Quindi il film di Giovannesi narra il tentativo adolescenziale di riprodurre i modelli adulti cercando di assimilarli e, perché no, superarli. Attraverso il culto di figure di riferimento poco edificanti difendono effimeri valori quali l’onore, il rispetto e il comando in un’ottica peraltro sempre maschilista in cui la figura femminile – pur tutelata come prevedono le regole non scritte del crimine – diventa oggetto di desiderio e giudizio estetico o nel migliore dei casi un sacro angelo del focolare.

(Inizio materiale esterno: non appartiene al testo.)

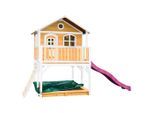 Möbelix , Braun, Lila, Weiß , Holz , Hemlocktanne , 432x293x212 cm , EN 71, CE, FSC 100% , Spielwaren, Outdoorspielzeug, Spielhäuser, Spielhäuser Holz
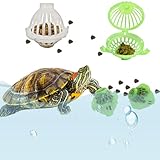 10PCS Aquatic Turtle Enrichment Toys, Toys for Turtles to Play with in Aquarium, Turtle Toys for Aquatic Turtles, Turtle Feeder Ball, Toys for Turtles, Turtle Aquarium Accessories Toys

Il cinema italiano aggiunge un titolo importante al proprio novero che ci ricorda quale sia la strada giusta da intraprendere per riportare in auge un movimento credibile: tornare a essere cinema del reale aggiornato in chiave contemporanea. Un reale che abbraccia appunto Pasolini, come detto, ma anche Rossellini (a proposito, la grotta dove Nicola e il suo compagno vanno a esercitare il tiro al bersaglio la prima volta ricorda il luogo dove il militare afroamericano di Paisà scoprì la miseria in cui riversavano le famiglie partenopee, piegate dalla guerra e dalla fame), incontrando il cinema di formazione. La paranza dei bambini si inserisce in un filone inaugurato dal Gomorra di Matteo Garrone (sempre tratto da un romanzo di Saviano) che ha trovato una continuità produttiva e di riscontri di pubblico in tempi più recenti nel mondo della serialità televisiva (Gomorra – La serie). Particolare merito alla sceneggiatura che sa alternare diversi registri (in certi momenti si ride e ci si commuove) e all’ottimo casting che ci restituisce dei visi innocenti e puliti, non segnati dal crimine per inasprire il contrasto con la materia cruda trattata (specialmente Francesco Di Napoli alias Nicola e Alfredo Turitto alias Biscottino).